友人から、「こういう本なら売れる」と言われて渡されたので、読んでみました。西成氏の本は、新潮の「渋滞学」以来の2冊目です。内容的には「渋滞学」の内容をさらに発展させ、かつ説明も洗練されています。「渋滞学」では、自然渋滞がメタ安定な状態(水でいうと、凍ってもおかしくない過冷却の状態)が壊れることによる自由流の相から渋滞相への相転移だという点をモデルで詳しく解説していたのですが、この本では、本質だけを説明してモデルの詳細な部分は省略。そして、他の渋滞のメカニズムである「ボトルネック渋滞」、「ダンゴ渋滞」を解説しています。

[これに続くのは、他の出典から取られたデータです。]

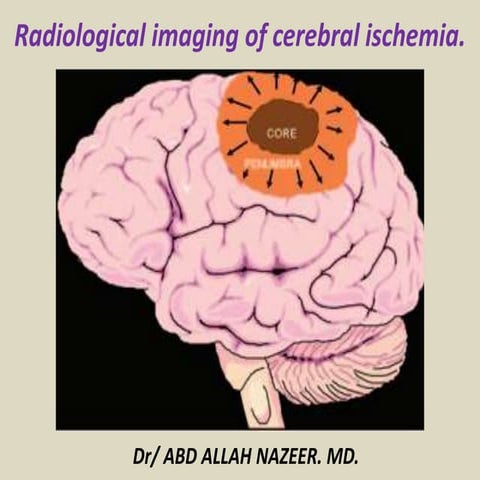 Presentation1.pptx, radiological imaging of cerebral ischemia.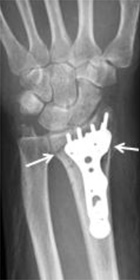 橈骨遠位端骨折 一般社団法人 日本骨折治療学会 骨折の解説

また、渋滞の解消方法として、車間距離をあける、ブレーキを踏む回数をへらす、や、それを教育で広めること。また、雑学的に、「渋滞のし始めは左車線があいている」「高速道が渋滞していたら一般道も80%以上渋滞している」など、読者の興味をひく内容をうまく散りばめています。最後は、笑い、生物、経済、社会、病気、災害、インターネットを渋滞の観点から眺めるとか、盛りだくさん。防衛大学の学生が複数で歩くときは隊列を組む、とか、小学校の運動会の場所取りで一番込むが開場直前だが、その次は30分前だとか。
個人的には、こうした雑学の部分が面白かったのですが、それ以外では、カーナビでの誘導が「ハンチング現象」と呼ばれる不規則でカオス的な振動を引き起こすという点でした。論文を書いているみたいなので、ちょっと調べてみたいと思っています。